Pero el amor no es la paz, ni puede decirse definitivamente que "apacigua" nada. Los sueños de eternidad y/o de reposo eterno surgen de la ilusión que consiste en concebir la vida como un martirio. Quienes viven aferrados a la idea de la vida como un "valle de lágrimas" difícilmente podrán entender el amor. Por el contrario, quienes adquieren la conciencia de ser los constructores de su propia vida (artifer vitae), se conciben a sí mismos como sus propios artífices (artifex sui).

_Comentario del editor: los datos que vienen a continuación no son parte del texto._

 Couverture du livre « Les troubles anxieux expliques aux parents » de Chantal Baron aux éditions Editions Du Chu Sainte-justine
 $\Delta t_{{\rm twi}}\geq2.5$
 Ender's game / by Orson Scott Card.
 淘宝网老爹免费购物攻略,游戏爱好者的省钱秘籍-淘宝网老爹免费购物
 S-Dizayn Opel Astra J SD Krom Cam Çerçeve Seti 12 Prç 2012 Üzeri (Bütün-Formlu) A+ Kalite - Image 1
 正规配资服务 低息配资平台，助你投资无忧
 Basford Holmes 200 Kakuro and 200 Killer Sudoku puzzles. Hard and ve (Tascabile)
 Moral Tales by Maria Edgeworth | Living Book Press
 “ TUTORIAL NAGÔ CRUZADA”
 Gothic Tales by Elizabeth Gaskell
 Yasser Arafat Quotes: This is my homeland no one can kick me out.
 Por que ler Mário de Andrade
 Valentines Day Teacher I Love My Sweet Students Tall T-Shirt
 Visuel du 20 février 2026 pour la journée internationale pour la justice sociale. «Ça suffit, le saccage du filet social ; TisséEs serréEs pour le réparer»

Por eso, la culpa no es de “la vida” si persistes en pensar que la tuya es un lento viacrucis. La culpa es solo tuya. Solo vivimos aquello que merecemos, y en esto no hay huella de resignación. Antes, al contrario, ser nos empuja a ser, puesto que solo podemos ser en la medida en que dejamos de ser, constantemente, aquello que somos, o sea, en la medida en que amamos.

La paz solo es posible cuando las ilusiones cesan de perturbar el libre tránsito del Yo al otro, del ser al no ser, o sea, cuando dejamos de querer merecer de la vida más de lo que esta nos otorga en abundancia, es decir, vida. La vida solo puede darnos vida, y por eso, de la vida únicamente recibiremos lo mismo que seamos capaces de darle.